# [What is required]
Would you repeat word for word the lines of the listing that follows, from the one with "A sample of" up to and including the one with "Preparing for a dive(Gordon Parks. 1950)", and leave out the images?

# [Data for processing]
※
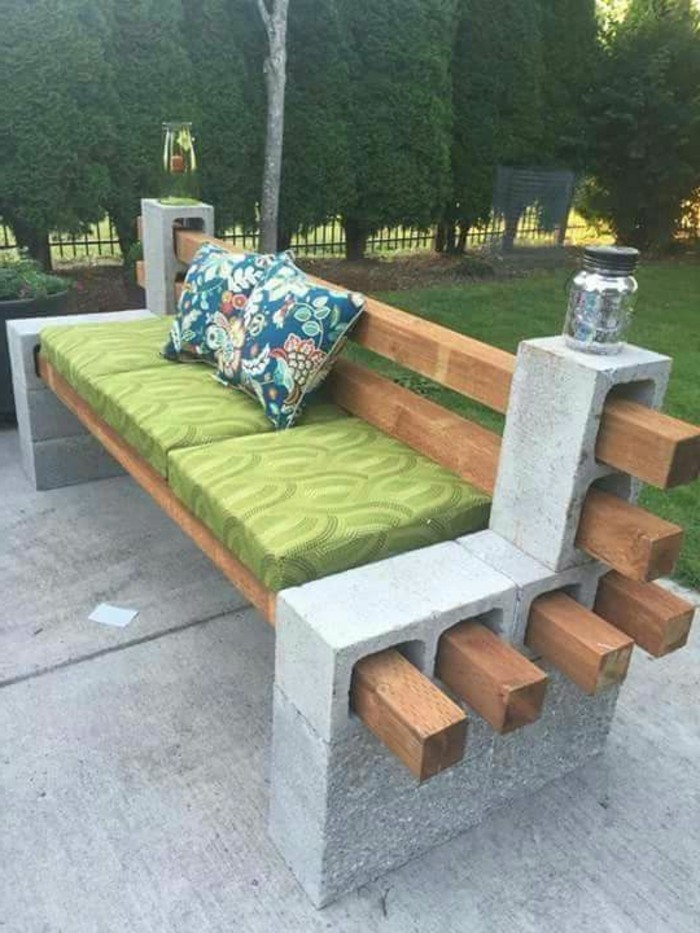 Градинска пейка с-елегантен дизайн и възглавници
※
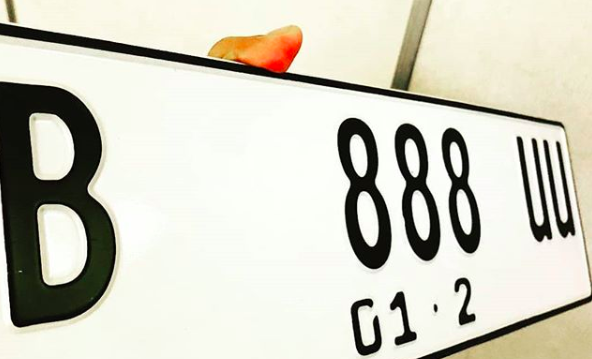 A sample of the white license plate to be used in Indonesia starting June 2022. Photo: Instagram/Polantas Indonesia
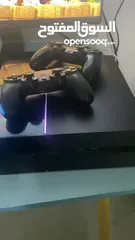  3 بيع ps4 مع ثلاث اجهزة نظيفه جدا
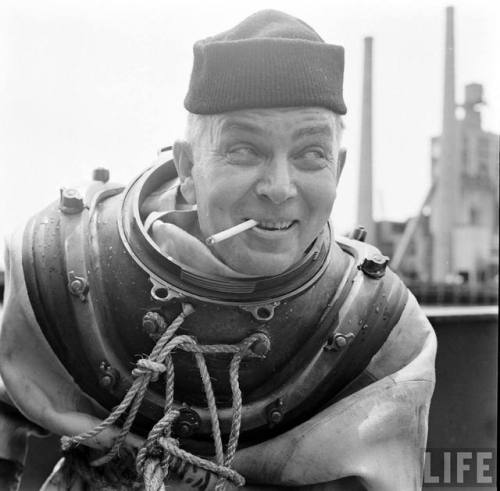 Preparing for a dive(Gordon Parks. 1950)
※
# [Response to the task]
 A sample of the white license plate to be used in Indonesia starting June 2022. Photo: Instagram/Polantas Indonesia
  3 بيع ps4 مع ثلاث اجهزة نظيفه جدا
 Preparing for a dive(Gordon Parks. 1950)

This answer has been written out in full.